- _Exercise objective_: After locating the line containing "The Dream Melt Inverse Dell Laptop Skin" in the entries below, please write out that line and the rest through the end exactly. Omit pictures.

- _Materials provided_:
/---
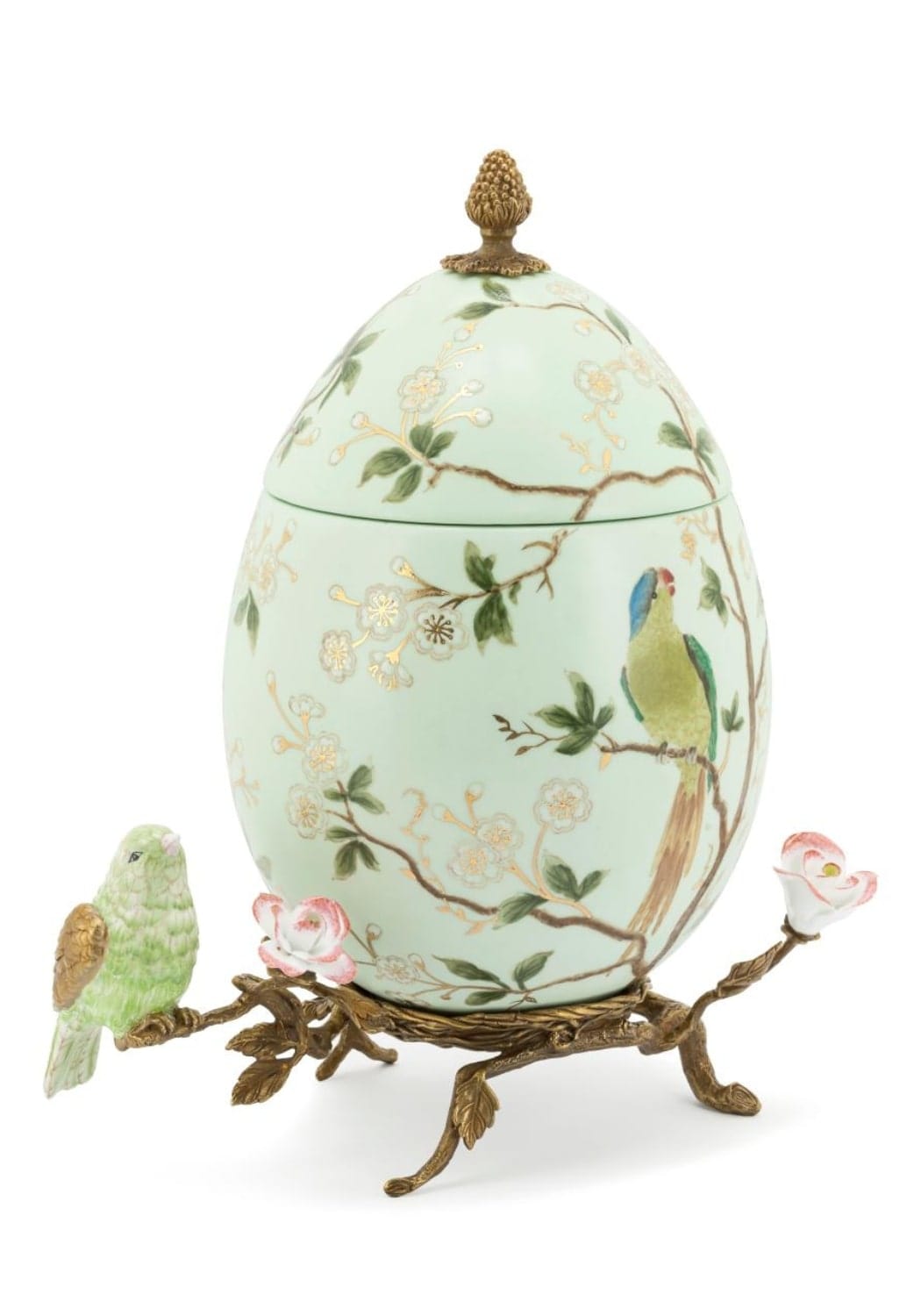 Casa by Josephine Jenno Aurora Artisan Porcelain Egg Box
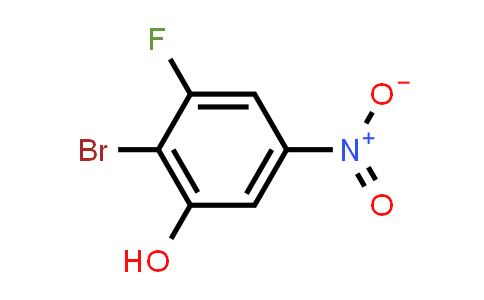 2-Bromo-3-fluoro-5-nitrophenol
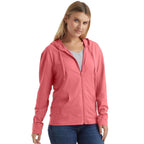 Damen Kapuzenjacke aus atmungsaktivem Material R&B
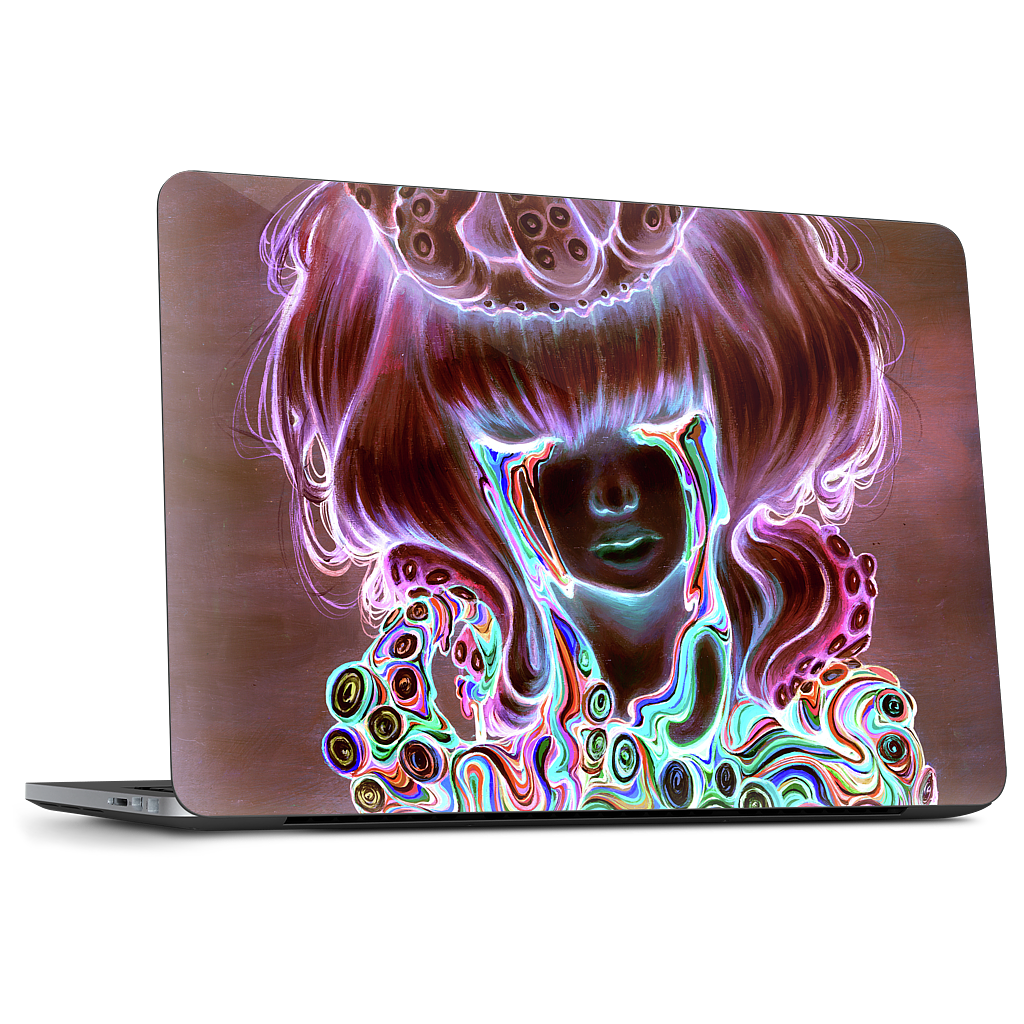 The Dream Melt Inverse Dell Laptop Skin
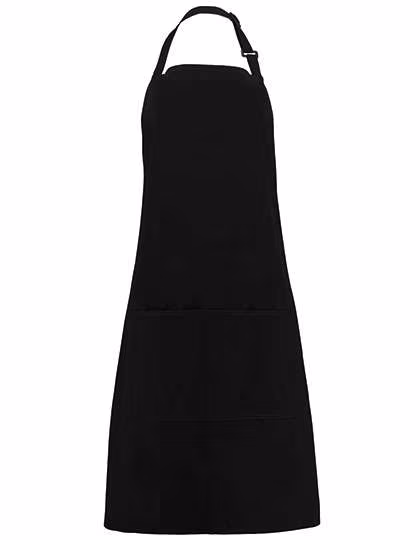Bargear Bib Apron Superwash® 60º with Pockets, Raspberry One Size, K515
\---
- _Response_:
 The Dream Melt Inverse Dell Laptop Skin
Bargear Bib Apron Superwash® 60º with Pockets, Raspberry One Size, K515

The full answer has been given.